** YOUR OBJECTIVE **
Please repeat exactly, and only, the lines from the one containing "a brown puppy" through the end of the records below, with no pictures.

DATA PROVIDED Block Start

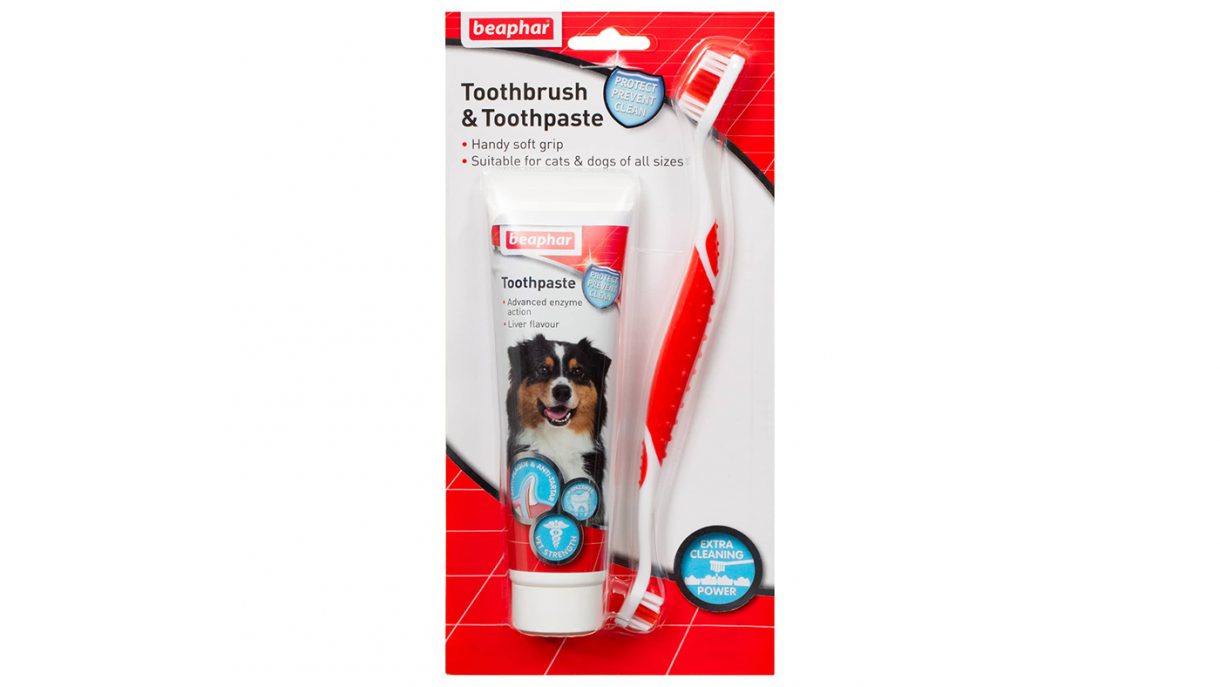 Beaphar Dental Kit For Your Dog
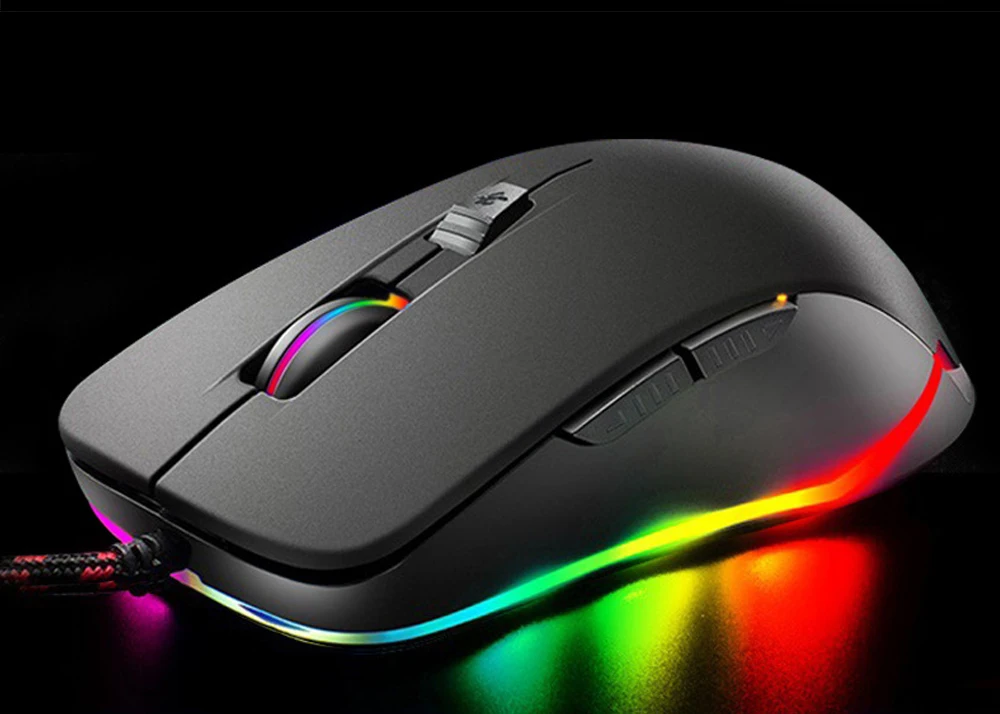 Mouse-2_05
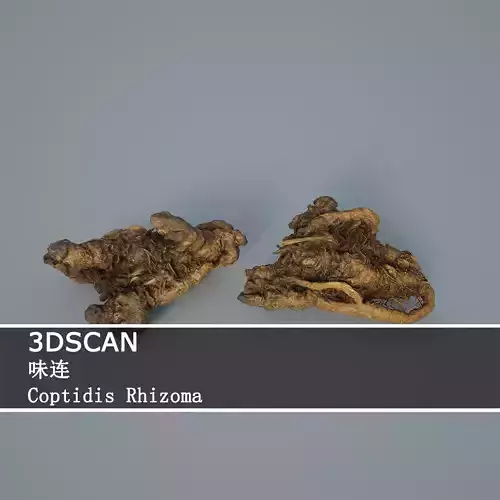 3DSCAN-Traditional Chinese Medicine-Coptidis Rhizoma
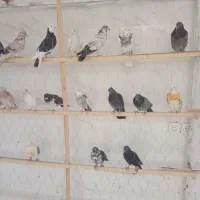 کبوتر خوش خال
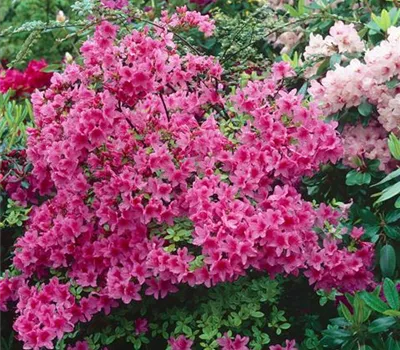 Rhododendron 'Arneson Fairy Jewel' (sommergrüne Azalee)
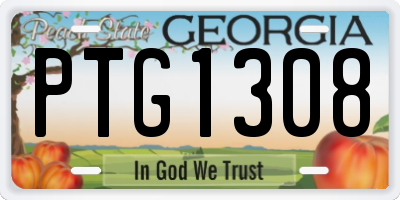 GA license plate PTG1308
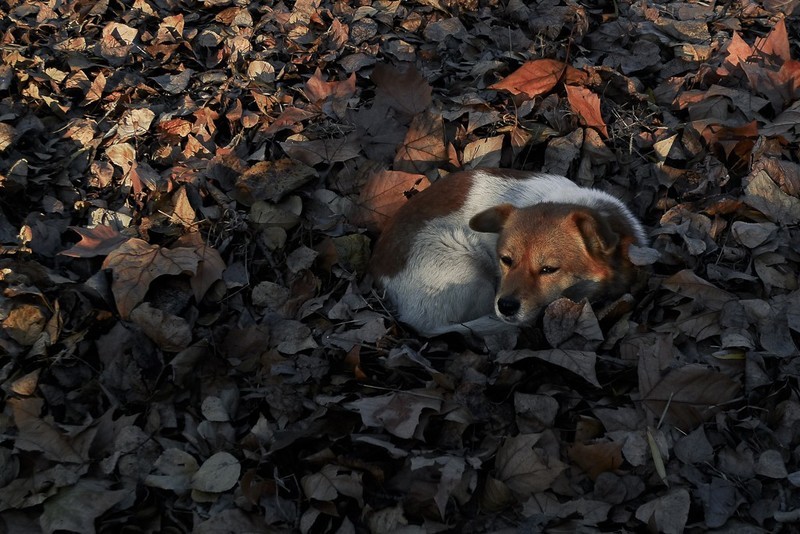 16年前的CCD小卡（松下LX3）还可以出片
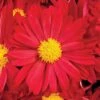 Bonnie™ Red Yoder Garden Mum Plant -Annual Plants Popular Shop bonnie red yoder garden mum plant 91 detail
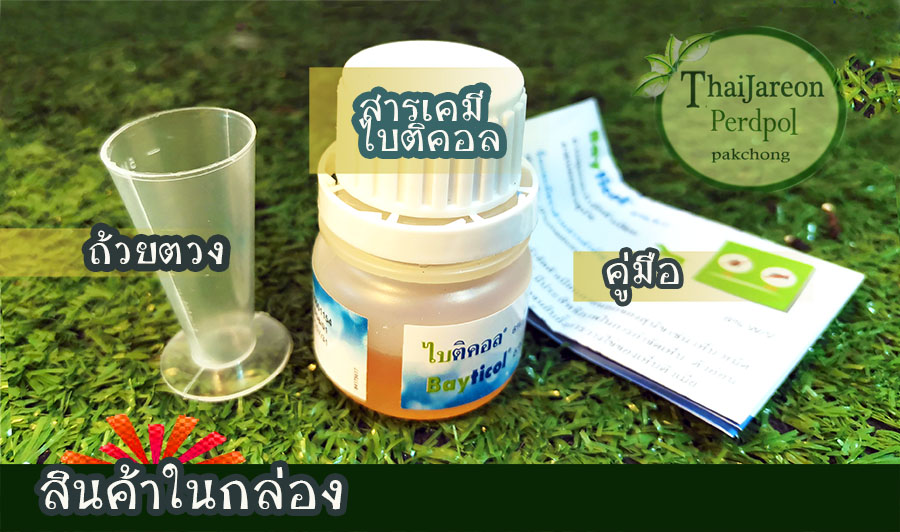 ขายคู่สุดคุ้ม อุปกรณ์ฉีด ฟ้อกกี้ ยากำจัดเห็บหมัด ควบคุมและกำจัดเห็บ หมัด สุนัข ไบติคอล 6% Bayticol ขนาด 10 ซีซี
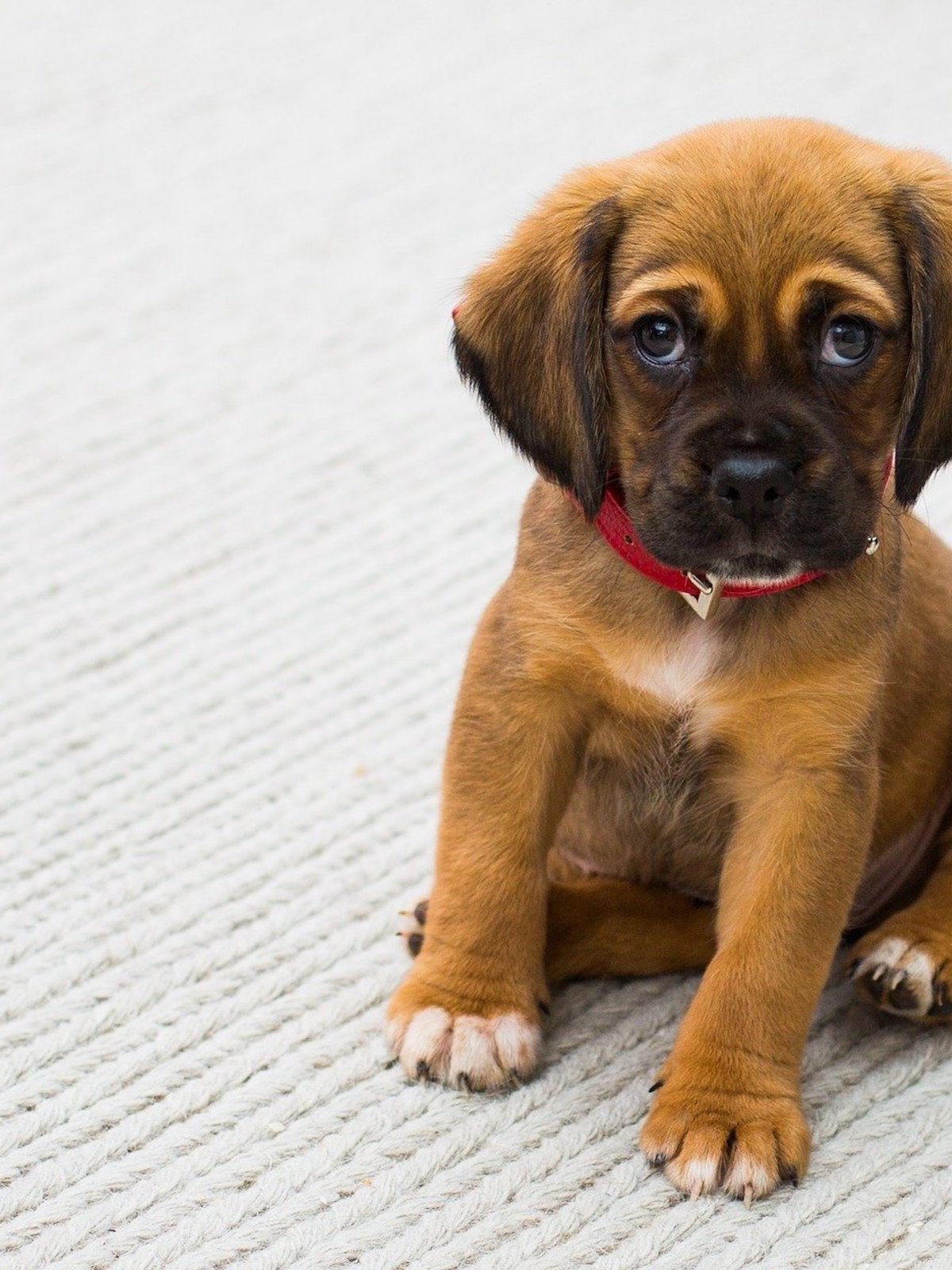 a brown puppy with floppy ears and big brown eyes looks up at the camera, sitting on a white woven carpet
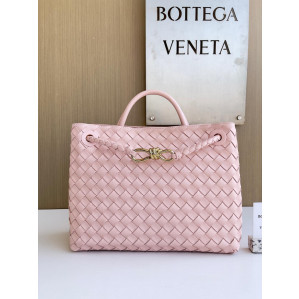 Bottega Veneta Andiamo Medium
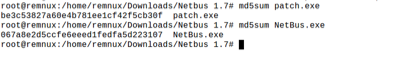 Static Malware Analysis of NetBus Trojan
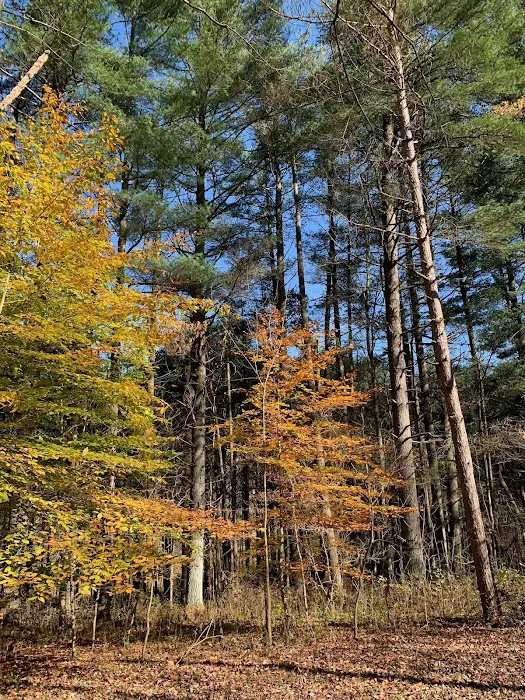 Dry Creek Pines 0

DATA PROVIDED Block End

** SOLUTION FOR THIS EXERCISE **
 a brown puppy with floppy ears and big brown eyes looks up at the camera, sitting on a white woven carpet
 Bottega Veneta Andiamo Medium
 Static Malware Analysis of NetBus Trojan
 Dry Creek Pines 0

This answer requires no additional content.